Visualmente, “Pelo Menos Eu Tenho Voz” é virtuoso, sem medo de parecer over. É seguro na incontinência de brincadeiras e truques de edição. Combina com a fala rápida e agressiva de Marco Gabriel, que se dana a soltar o verbo sem medo, seguro do bom gosto do arranjo instrumental pautado pelo teclado de Mr. Adnon.  

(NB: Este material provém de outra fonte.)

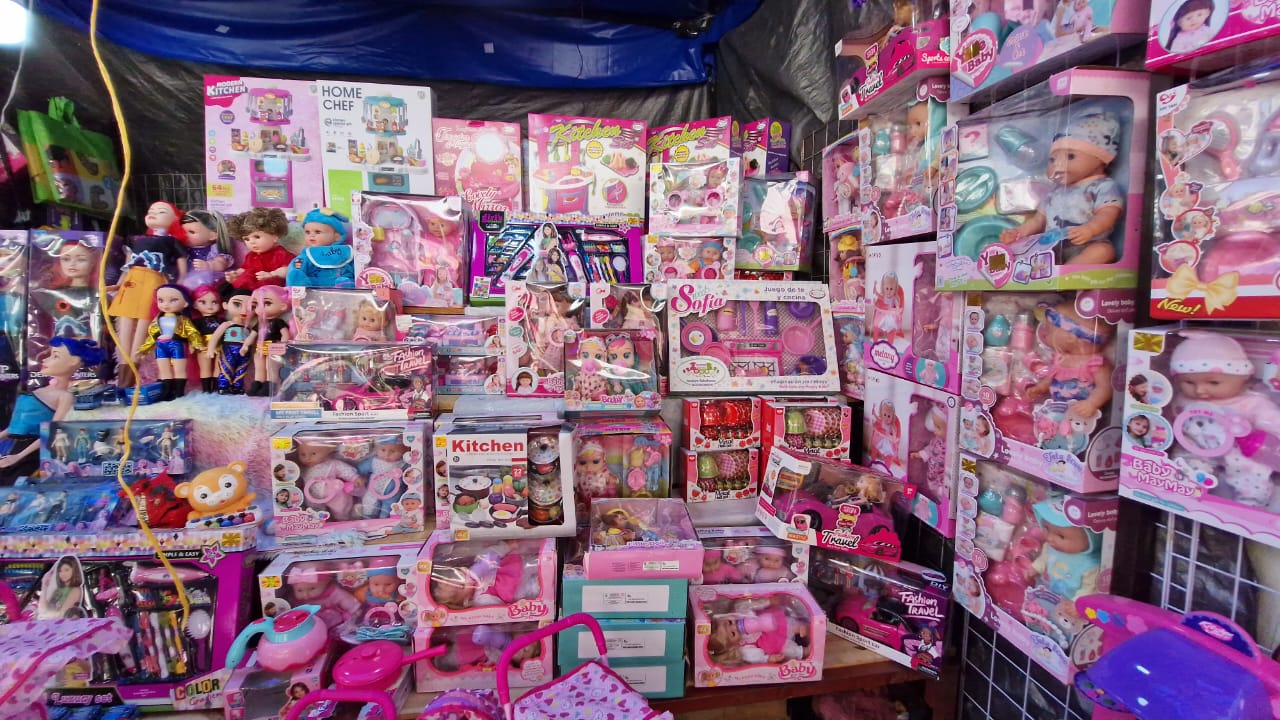 Llega la Feria del Juguete a la Central de Abastos con precios accesibles para Reyes Magos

Caixeira – Rosa Reis e Cacuriá de Dona Teté

(Dir. Thais Lima)

Os caminhos do cacuriá (em especial o cacuriá de Dona Teté) e o da Festa do Divino Espírito Santo de Alcântara se cruzam curiosamente por meio da figura das caixeiras. (Digo “curiosamente” pois essa história envolve um homem que quis deliberadamente inventar um folclore e uma mulher que deu, digamos, um upgrade nessa invenção – está tudo no livro “Festa, Fogos, Fogueira e Fé” de Américo Azevedo Neto, depois procurem). Tanto no cacuriá quanto na Festa de Alcântara, temos ali as peles das caixas do Divino sendo percutidas. Os ritmos são diferentes, mas o timbre é o mesmo. E quem toca este instrumento na Festa são as caixeiras. Daí que a proposta do clipe de Rosa Reis, em parceria com o cacuriá da Dona Teté, é explicitamente celebrar a figura dessas mulheres – e o vídeo só tem a ganhar ainda mais quando foca em mostrar, da metade para o final, as caixeiras do Divino, todas já senhoras, cantando e curtindo serem filmadas.  

Corpo Aberto – PAULÃO

(Dir. Ingrid Barros)

A beleza e a displicência andam de mãos dadas durante todo o clipe de “Corpo Aberto” de Paulão. E não, pelo amor de Deus, não estou ironizando o casal que, de fato, inicia o vídeo em uma linda praia, e muito menos estou atualizando qualquer sugestão de metáfora vinda da letra e/ou das imagens. Acontece que os belos takes da dupla em questão, que desfila e posa ao som do competente arranjo de tecnomacumba da música, simplesmente têm fôlego curto. A partir de certo ponto, todos os takes usados até então são usados de novo, e de novo, e de novo (!), o que deixa o clipe repetitivo, evidenciando alguma displicência por parte da produção. E querem saber? Não há como ignorar uma considerável falta de química entre o casal, o que acaba gerando em nós um retrogosto na recepção da letra cantada por Paulão.  

Selvagem – Paolo Ravley

(Dir. Paolo Ravley e Sunday James)

O eu-lírico da letra de “Selvagem” parece conformado em estar num relacionamento complicado, não resoluto, totalmente emotivo, sem prumo. Parece até admirar ou possuir algum orgulho dessa condição, afinal, como ele mesmo admite no refrão, “a brincadeira é chegar na beira do abismo da indecisão” mesmo. A melodia que desdobra essa frase, inclusive, é o ponto alto da composição. Acontece que eu não aconselharia ao roteirista do clipe que esta brincadeira fosse travada também entre ele e o clipe em si, já que entre  lindos closes e travellings frontais, laterais e verticais em plongée, alguns elementos de referência a aspectos da cultura popular (como o terço, o olhar de uma senhora preta, uma miniatura de uma caixeira) parecem deslocados, como que inseridos ali meio que de forma gratuita. Obviamente estas aleatoriedades não chegam aos pés da falta de prumo do relacionamento do eu-lírico, mas demonstram que a arte não deve viver só de intuição. Tem que haver um relacionamento dela com o rigor – e de preferência de forma bem resoluta.